Dois velhos conhecidos encontram-se e trocam saberes sobre a vida.
- Encontrei a Vera ontem, no hortifruti. Ela deixou-lhe um abraço bem apertado e reclamou do seu sumiço. Mas reconheceu que ela também anda sumida...
- Ah, saudade da Vera. Boa de conversa. Principalmente das conversas não planejadas como deve ter sido a sua, ontem.
- Exatamente. Ela estava bem animada porque decidiu abraçar causas. Empenhar-se por causas, sabe? E eu gostei muito do que ela me contou. Ela tem um grande círculo de conhecidos, você sabe. Vera é muito popular.
- Ela está arregimentando esse pessoal para alguma campanha?
- Não. Ela decidiu afastar-se silenciosamente dos que ela chama de religiotas, racistas, homofóbicos e extremistas, tanto os de direita como os de esquerda.
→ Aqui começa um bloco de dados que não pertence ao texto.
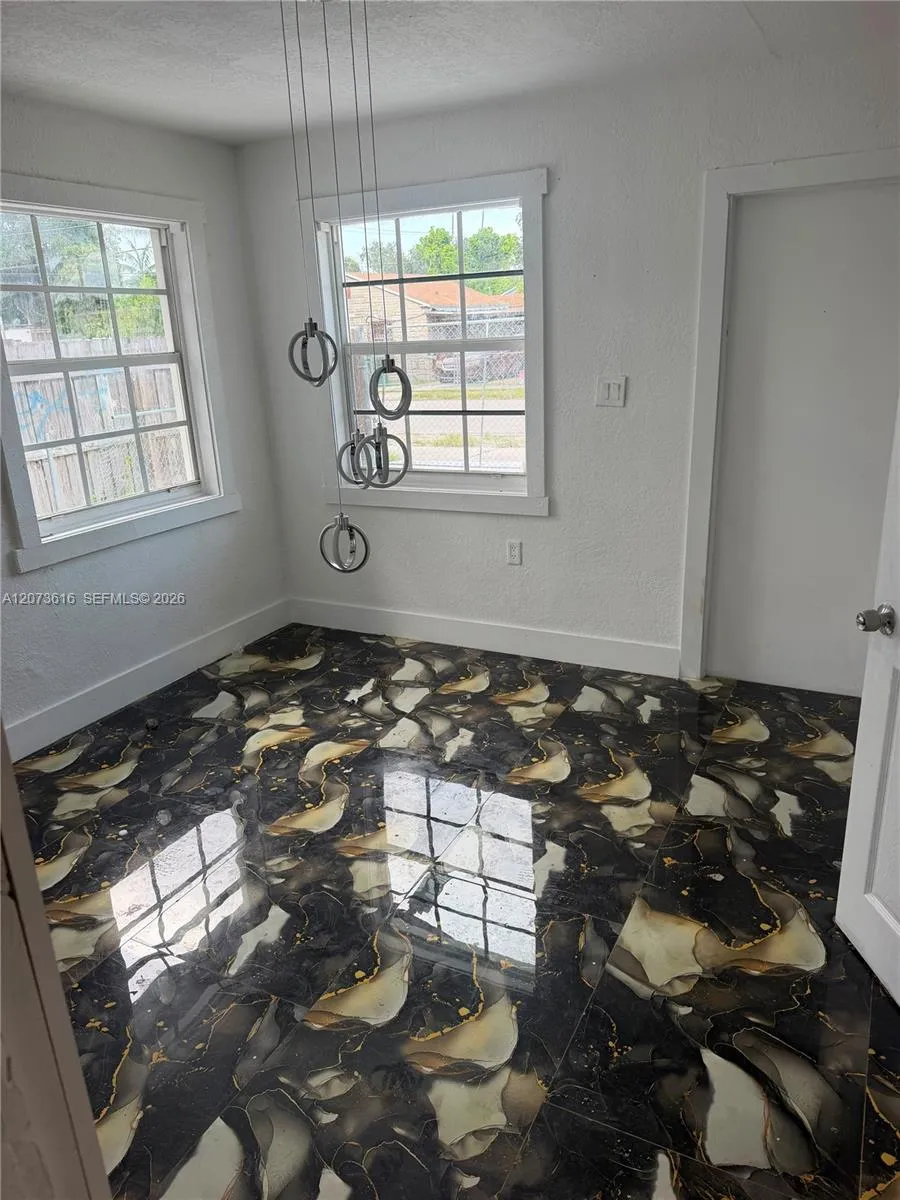 2500 NW 91st St Miami, FL 33147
- Eu sempre rio quando ela emprega o termo religiota. Mas como funciona esse afastamento silencioso? É uma ruptura?
- Não. Ela simplesmente deixa de compartilhar informações e não responde às que recebe por WhatsApp, pelo Instagram e pelo Facebook. X e Threads ela nem usa. Afastar-se silenciosamente é sumir sem retrucar nem polemizar.
- Eu faço algo parecido e acho que você também. Alguns dos meus contatos pararam com aquelas mensagens matinais como “Deus tem algo de bom reservado para o seu dia, hoje”, ou “Deus abençoará ricamente o seu dia”.
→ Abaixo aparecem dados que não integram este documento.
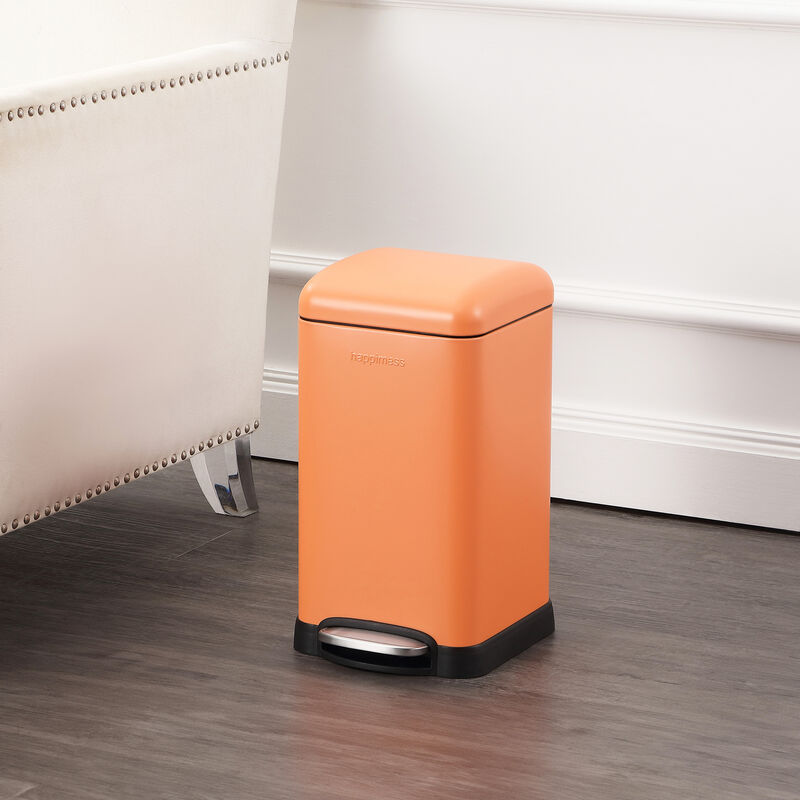 Betty Retro Mini 3.2-Gallon Step-Open Trash Can, Carrot Cake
- Essas eu nem leio; deleto imediatamente e não mando emoji de volta. Nós dois já somos velhos, mas não somos alienados. Engajar-se na luta por direitos iguais sempre me cativou. E não queremos mais ser catequizados...
- Nós não podemos nos calar principalmente agora que ventos de extrema-direita têm retirado direitos de cidadãos. Precisamos saber dizer não a todos os que querem nos impor seu modo de vida, sejam eles da direita ou da esquerda.
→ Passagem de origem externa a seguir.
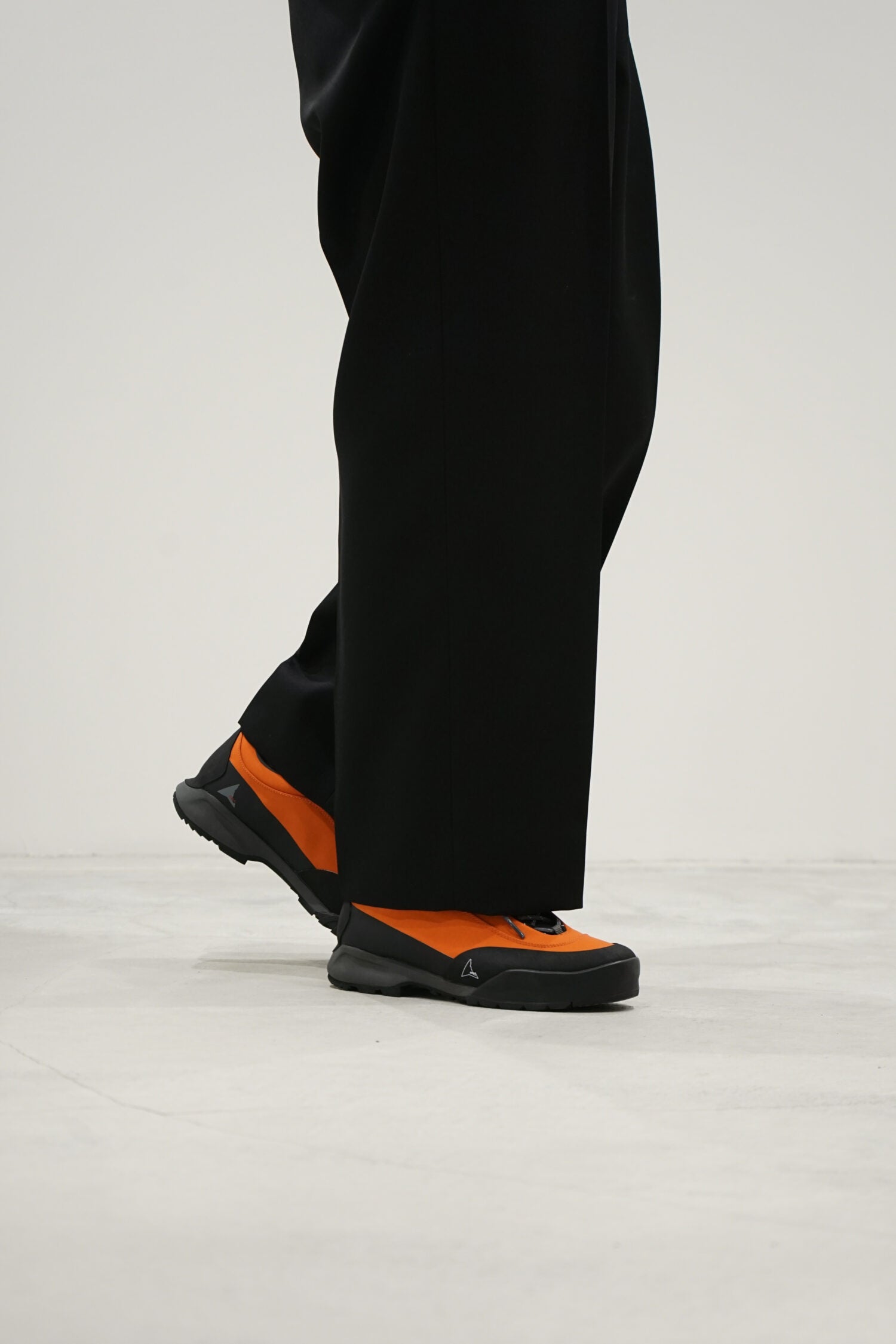 Cingino - Burnt Orange Black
- Eu entendo a motivação da Vera. Que tipo de conversa ela teria com alguém que diz que os problemas da vida são causados pela falta de Jesus no coração? Ou com alguém que acha que homossexualidade se cura com uma surra? Ou com alguém que acha que os pretos estão tendo muito espaço?
- Essa é a causa: viva, mas deixe o outro viver. E viver a vida que escolheu...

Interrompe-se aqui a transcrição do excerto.